Viaje Apostólico a Estados Unidos y visita a la ONU 2008

Encuentro con la Asamblea General
de la ONU en Nueva York

18 de abril de 2008


Temas: ONU, orden internacional y derechos humanos (libertad religiosa).

Web oficial: http://www.vatican.va/holy_father/benedict_xvi/speeches/2008/april/documents/hf_ben-xvi_spe_20080418_un-visit_sp.html

Publicado: BOA 2008, 202; Ecclesia LXVIII/3.411, abril (2008), 616-620.


Señor Presidente, señoras y señores:

Al comenzar mi intervención en esta Asamblea, deseo ante todo expresarle a usted, señor Presidente, mi sincera gratitud por sus amables palabras. Quiero agradecer también al Secretario General, el Señor Ban Ki-moon, por su invitación a visitar la Sede central de la Organización y por su cordial bienvenida. Saludo a los embajadores y a los diplomáticos de los Estados miembros, así como a todos los presentes: a través de ustedes, saludo a los pueblos que representan aquí. Ellos esperan de esta institución que lleve a cabo la aspiración que condujo a su fundación, ser un «centro que armonice los esfuerzos de las naciones por alcanzar sus fines comunes», la paz y el desarrollo (cf. Carta de las Naciones Unidas, art. 1.2-1.4). Como dijo el papa Juan Pablo II en 1995, la Organización debería ser «un centro moral, en el que todas las naciones del mundo se sientan como en casa, desarrollando la conciencia común de ser, por así decirlo, “una familia de naciones”» (Discurso ante la Asamblea General de las Naciones Unidas, Nueva York, 5-10-1995, 14).

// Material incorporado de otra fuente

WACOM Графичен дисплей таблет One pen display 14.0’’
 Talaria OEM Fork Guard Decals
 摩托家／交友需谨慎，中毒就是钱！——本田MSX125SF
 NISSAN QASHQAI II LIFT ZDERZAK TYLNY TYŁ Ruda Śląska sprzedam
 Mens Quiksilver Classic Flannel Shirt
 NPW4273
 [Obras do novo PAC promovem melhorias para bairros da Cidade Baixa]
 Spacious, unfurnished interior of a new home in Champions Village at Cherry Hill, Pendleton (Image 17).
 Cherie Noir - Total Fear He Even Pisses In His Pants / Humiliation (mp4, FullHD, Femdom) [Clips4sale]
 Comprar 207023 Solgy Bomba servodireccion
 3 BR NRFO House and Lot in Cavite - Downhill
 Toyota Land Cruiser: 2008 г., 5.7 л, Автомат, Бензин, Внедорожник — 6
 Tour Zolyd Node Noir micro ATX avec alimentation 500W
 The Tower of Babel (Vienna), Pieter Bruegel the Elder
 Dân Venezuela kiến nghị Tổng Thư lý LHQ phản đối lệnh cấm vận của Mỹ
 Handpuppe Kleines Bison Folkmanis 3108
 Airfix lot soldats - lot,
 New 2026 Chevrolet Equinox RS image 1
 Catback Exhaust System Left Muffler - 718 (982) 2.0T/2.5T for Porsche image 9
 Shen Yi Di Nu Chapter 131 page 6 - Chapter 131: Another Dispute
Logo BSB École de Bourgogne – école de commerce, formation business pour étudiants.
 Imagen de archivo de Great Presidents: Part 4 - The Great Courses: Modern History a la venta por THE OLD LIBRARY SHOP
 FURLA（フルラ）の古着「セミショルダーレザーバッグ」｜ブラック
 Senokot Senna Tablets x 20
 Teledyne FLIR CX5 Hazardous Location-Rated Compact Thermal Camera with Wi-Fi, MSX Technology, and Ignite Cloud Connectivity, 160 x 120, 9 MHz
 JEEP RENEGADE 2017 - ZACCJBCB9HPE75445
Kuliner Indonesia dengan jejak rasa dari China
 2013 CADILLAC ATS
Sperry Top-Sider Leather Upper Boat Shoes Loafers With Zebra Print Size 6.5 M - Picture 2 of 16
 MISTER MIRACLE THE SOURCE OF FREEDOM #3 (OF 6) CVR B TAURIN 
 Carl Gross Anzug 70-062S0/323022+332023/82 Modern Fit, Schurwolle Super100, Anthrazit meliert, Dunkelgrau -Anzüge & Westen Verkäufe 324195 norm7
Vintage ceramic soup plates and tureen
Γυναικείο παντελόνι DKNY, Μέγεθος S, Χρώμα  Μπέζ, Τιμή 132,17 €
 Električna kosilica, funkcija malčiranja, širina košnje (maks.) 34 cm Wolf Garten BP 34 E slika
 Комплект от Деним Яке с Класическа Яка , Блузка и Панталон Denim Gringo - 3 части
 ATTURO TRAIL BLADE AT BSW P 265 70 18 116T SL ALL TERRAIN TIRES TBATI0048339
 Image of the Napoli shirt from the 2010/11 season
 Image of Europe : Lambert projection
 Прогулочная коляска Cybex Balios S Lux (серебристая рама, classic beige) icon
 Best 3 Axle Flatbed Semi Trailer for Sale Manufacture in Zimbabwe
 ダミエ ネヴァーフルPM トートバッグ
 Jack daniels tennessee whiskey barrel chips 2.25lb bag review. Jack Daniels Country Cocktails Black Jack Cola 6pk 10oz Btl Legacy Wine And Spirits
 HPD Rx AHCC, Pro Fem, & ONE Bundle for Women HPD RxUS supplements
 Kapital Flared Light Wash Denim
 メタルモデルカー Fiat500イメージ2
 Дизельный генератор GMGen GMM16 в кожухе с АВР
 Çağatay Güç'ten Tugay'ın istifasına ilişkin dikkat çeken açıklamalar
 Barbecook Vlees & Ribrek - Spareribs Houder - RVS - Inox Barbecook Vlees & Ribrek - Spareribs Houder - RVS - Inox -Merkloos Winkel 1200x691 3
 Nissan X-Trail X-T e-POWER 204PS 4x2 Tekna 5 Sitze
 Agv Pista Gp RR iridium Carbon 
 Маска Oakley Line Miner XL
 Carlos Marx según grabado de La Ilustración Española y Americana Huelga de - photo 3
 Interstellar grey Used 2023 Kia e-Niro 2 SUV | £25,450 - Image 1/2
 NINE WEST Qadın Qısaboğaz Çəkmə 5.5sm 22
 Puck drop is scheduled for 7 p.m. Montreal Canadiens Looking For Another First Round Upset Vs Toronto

A través de las Naciones Unidas, los Estados han establecido objetivos universales que, aunque no coincidan con el bien común global de la familia humana, representan sin duda una parte fundamental de ese bien. Los principios fundacionales de la Organización —el deseo de la paz, la búsqueda de la justicia, el respeto de la dignidad de la persona, la cooperación y la asistencia humanitaria— expresan las justas aspiraciones del espíritu humano y constituyen los ideales que deberían subyacer en las relaciones internacionales. Como mis predecesores Pablo VI y Juan Pablo II señalaron desde esta misma tribuna, se trata de cuestiones que la Iglesia católica y la Santa Sede siguen con atención e interés, pues ven en vuestra actividad un ejemplo de cómo las decisiones y conflictos concernientes a la comunidad mundial pueden estar sujetos a una reglamentación común. Las Naciones Unidas encarnan la aspiración a «un grado superior de ordenamiento internacional» (Juan Pablo II, Sollicitudo rei socialis, 43), inspirado y gobernado por el principio de subsidiariedad y, por tanto, capaz de responder a las demandas de la familia humana mediante reglas internacionales vinculantes y estructuras capaces de armonizar el desarrollo cotidiano de la vida de los pueblos. Esto es aún más necesario en un momento en el que experimentamos la evidente paradoja de un consenso multilateral que sigue estando en crisis a causa de su subordinación a las decisiones de unos pocos, mientras que los problemas del mundo exigen intervenciones conjuntas por parte de la comunidad internacional.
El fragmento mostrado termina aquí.